In a July 10 cover story with Variety, the REVOLT CEO harps on that exact sentiment. “You have these record companies that are making so much money off our culture, our art form, but they’re not investing or even believing in us,” Diddy says of hip-hop's multi-cultural impact. 

The 48-year-old still believes the entertainment industry is subject to segregation in 2018. “For all the billions of dollars that these black executives have been able to make them, [there’s still hesitation] to put them in the top-level positions. They’ll go and they’ll recruit cats from overseas.”

“It makes sense to give [executives of color] a chance and embrace the evolution, instead of it being that we can only make it to president, senior VP. There’s no black CEO of a major record company,” Combs explains. “That’s just as bad as the fact that there are no [black] majority owners in the NFL. That’s what really motivates me.” Diddy was a part of a group that made a run at the Carolina Panthers ownership but was ultimately outbid earlier in 2018. 

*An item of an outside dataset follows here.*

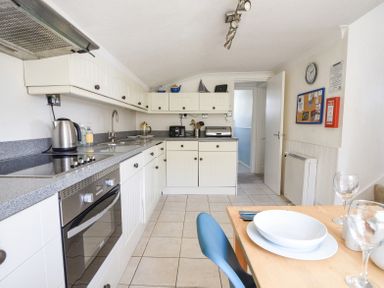 A kitchen with white cabinets gray countertop and a dining table with blue chair at 3 Argyle House in Lyme Regis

The Bad Boy Records boss then brings up several examples of companies successfully backing black-owned businesses and ideas in recent history. “When we do get the resources, we over-deliver. When Adidas invests in Kanye [West] and it’s done properly, you have the right results,” he contests. “When Live Nation invests in artists and puts them in arenas the same way U2 would be, you have the right results. Black Panther, Black-ish, fashion; it’s all about access. If you’re blocked out of the resources, you can’t compete.”